Why the change? John Cesano, executive director of the Anderson Valley Winegrowers Association, said the new name was meant to be more inclusive. “Folks from Germany were so incredibly unhappy with that name,” he joked, and he said he hopes that the name change will attract more vintners from Old World countries that have a history with, say, riesling or pinot gris/grigio. The group also wanted to engage in a little branding and get “Anderson Valley” into the name.
Not many wines from Germany are being poured yet at the festival in Boonville – there were a few at a food-and-wine pairing seminar, and a California winery, Smith Story, poured a Rheingau riesling that it produces – but California was well-represented. (Especially – no surprise – the Anderson Valley.) There were also wines from Oregon, Alsace and New Zealand.
The festival’s definition of “aromatic whites” encompasses riesling, gewürztraminer, pinot gris, pinot blanc and muscat, but I focused on the first two during the grand tasting. A few random notes about some of the best wines I tasted, starting with those from the Anderson Valley.
The gewürztraminer is as good as it’s ever been at Husch Vineyards, which became the valley’s first licensed winery in 1971. Gewurztraminer was among the first grapes that Tony Husch planted in 1968. (The valley’s first gewürztraminer was planted a few years earlier by Donald Edmeades.) Husch is now run by Zac Robinson and his sister Amanda Robinson Holstine, whose grandfather bought the winery from Tony Husch, and they produce high-quality wines that are ridiculously good values. For example, the 2016 Husch Dry Gewurztraminer ($15) has some weight and fleshiness to go with the typical gewurz overtones of rose petals, lychee and spice. There’s also a luscious 2014 Late Harvest Gewurztraminer ($25/375ml) that has nice freshness to balance the intense sweetness.
Navarro Vineyards is another longtime purveyor of Alsatian (sorry, festival organizers) grape varieties. When Ted Bennett and Deborah Cahn started their winery in 1974, they wanted to specialize in something that was out of the ordinary, Cahn once told me, so they settled on gewurztraminer, which they wanted to make in a dry, Alsatian style. Navarro’s estate gewürztraminer ($22) is always exemplary; 2016 is the current vintage. (Soon, Navarro will be releasing a 2016 Deep End Gewurztraminer for $29 that has more weight and richness.) The 2016 Navarro Riesling ($22) is pretty and fresh with candied lime flavors.
Riesling and gewürztraminer are also important players at Handley Cellars. The 2016 Handley Riesling ($22) offers zippy lime, lime zest, spiced apple and wet stone notes, while the 2016 Gewurztraminer ($22) has excellent varietal character.
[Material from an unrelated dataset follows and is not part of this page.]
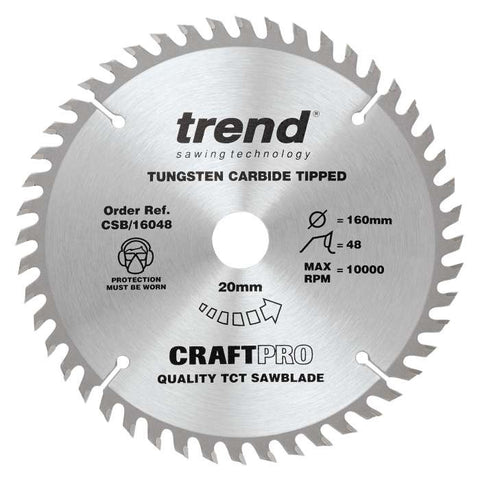 Trend Wood Circular Craft Trimming Crosscut Saw Blade 160mm x 20mm x 48T CSB/16048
Goldeneye is focused on pinot noir, but the winery also produces a tiny amount of gewürztraminer. The 2016 ($36) is excellent, if pricey. Other noteworthy Anderson Valley gewurzes included the 2017 Toulouse ($24) and the somewhat fleshier 2016 Phillips Hill ($24).
The Mendocino Ridge appellation, above Anderson Valley, is the source of some good rieslings, such as the dry, very racy 2016 Cartograph Riesling ($29) and the 2016 Phillips Hill ($25), which tastes just off-dry. The best-known riesling from Mendocino Ridge is Greenwood Ridge ($20); the current vintage, 2016, is off-dry but very fresh, with a stony note. At a kickoff dinner for the festival, Greenwood Ridge founder Allan Green poured some older riesling vintages, including a sensational 1985.
Finally, a few highlights from wineries outside the Anderson Valley. Ryan Stirm and Mike Callahan are riesling true believers. Both specialize in single-vineyard bottlings from distinctive Central Coast vineyards. Stirm poured two wines from his Stirm Wine Co.: the 2016 Kick-On Vineyard Riesling ($22) from Santa Barbara County and the 2016 Wirz Vineyard Riesling ($30) from San Benito County ($30); the latter is made from vines planted in the early 1960s. Both wines are very dry and stony, with lime zest and slight petrol notes. Stirm also makes riesling in a can under the Companion label; the 2017 ($9 for a 375ml can) is full of fresh lime and wet stone notes.
Callahan’s riesling project is called Maidenstoen, and he poured three single-vineyard offerings during a seminar. My favorite was the 2016 Maidenstoen Coast View Vineyard Riesling ($22) from an extreme site in the eastern hills of Monterey County. The wine is very precise, with racy lime, lime zest and a trace of petrol. Sadly, that was the last vintage; the vines have been grafted over to other varieties.
Claiborne & Churchill in Edna Valley, outside San Luis Obispo, makes more mainstream wines like chardonnay and pinot noir, but it has a following for its riesling and gewürztraminer. The 2015 Estate Riesling ($28) is fleshy and slightly sweet with some mineral notes and lovely texture, while the 2017 Dry Gewurztraminer ($22) is very fragrant, fresh and, yes, dry.
Finally, at the Dutton Goldfield table, I overheard someone at the tasting express surprise at the notion that there’s wine from Marin County. Indeed, Dutton Goldfield produces a delightful 2016 Riesling ($30) from Chileno Valley Vineyard in Marin. The wine displays racy lime flavors and just a whisper of sweetness.